Steve, I've used both 11mb and 85mb units (based on the HomePlug spec) which
bridge over the house wiring... primarily due to the fact that my
son-in-law's house has foil covered insulation in most of the floors (wifi
was a miserable failure between floors).
These units have worked very well for me, good bandwidth. I have one
plugged into the broadband router, one travels with the house desktop
wherever it may be at any given time, and one travels with their laptop all
around the house, yard, wherever.
---<ribbit>
On Wed, 10 Sep 2008 07:24:39 -0700 (PDT), steve <(E-Mail Removed)>
wrotd:
>Yes well I would like to get the best but I dont have 1500 dollar
>budget for this. I tried looking for the Cisco unit but sadly I could
>not find it locally. I asume it is a high end product. It was my
>mistake however since I didnt quote how much I would like to spend. I
>would say around 200 dollars. The fact that I didnt get too many
>responses may mean that few have use these. Frankly when I walk into 5
>out of 5 stores so far none have had or even know about poe. They all
>seem to have power through the wall socket type units. eg it sends the
>signal through the wall socket. Reverse of POE. These may? be good
>units I dont know.
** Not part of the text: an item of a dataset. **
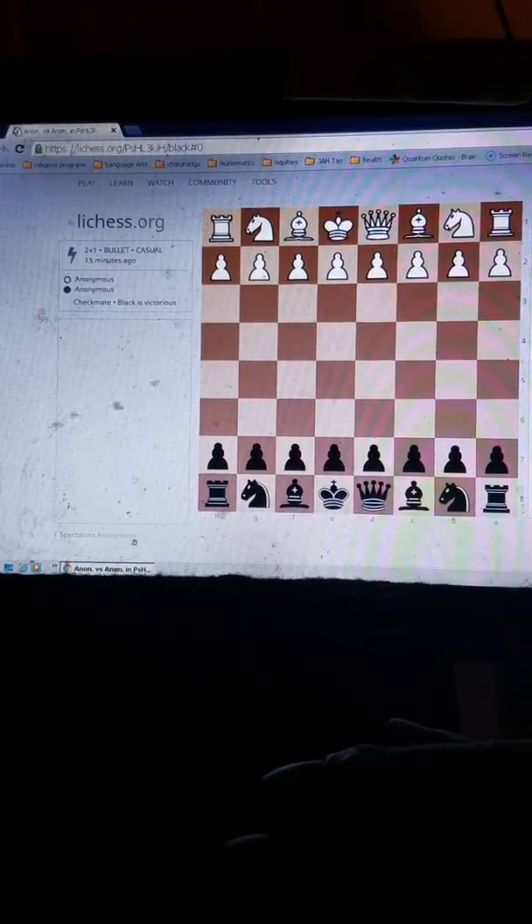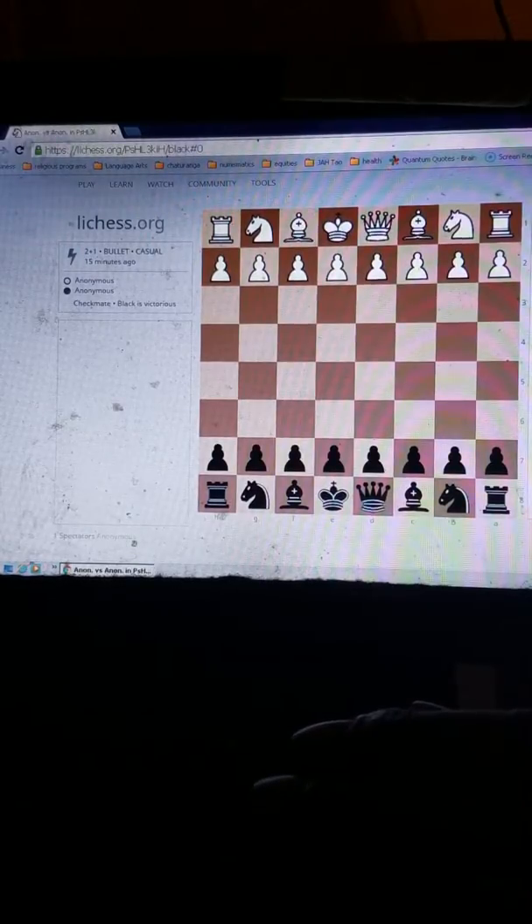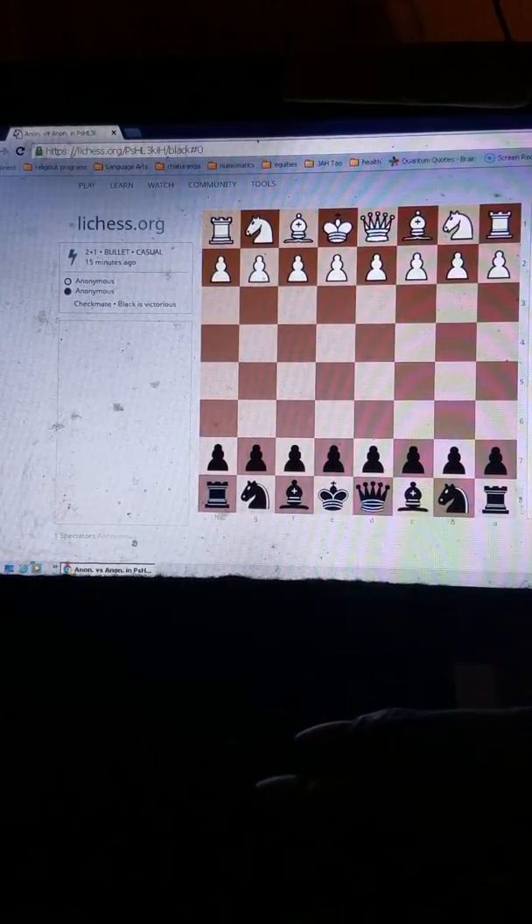Greetings and welcome to the Grandmaster Chess Academy. Today's tactical shot comes in a Scandinavian Defense, Mieses-Kotrak variation. Let's get into it.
I wonder if anyone has had any experience on
>these ??
>
>Regards
>
>On Sep 9, 11:13*am, seaweedsl <seaweedst...@gmail.com> wrote:
>> On Sep 8, 11:48*am, Aaron Leonard <Aa...@Cisco.COM> wrote
>>
>>
>>
>> > If 802.11g is adequate to your requirements, then a Cisco Catalyst Express
>> > 520-8PC switch with Cisco 521 Wireless Express Access Points would likely
>> > meet your needs.
>>
>> Especially if you don't mind spending $1,500 dollars! *You are trying
>> to simplify, therefore need to install a $1000 switch to get POE? * I
>> think you can buy a POE injector/splitter combo for far less and then
>> just use a consumer grade router.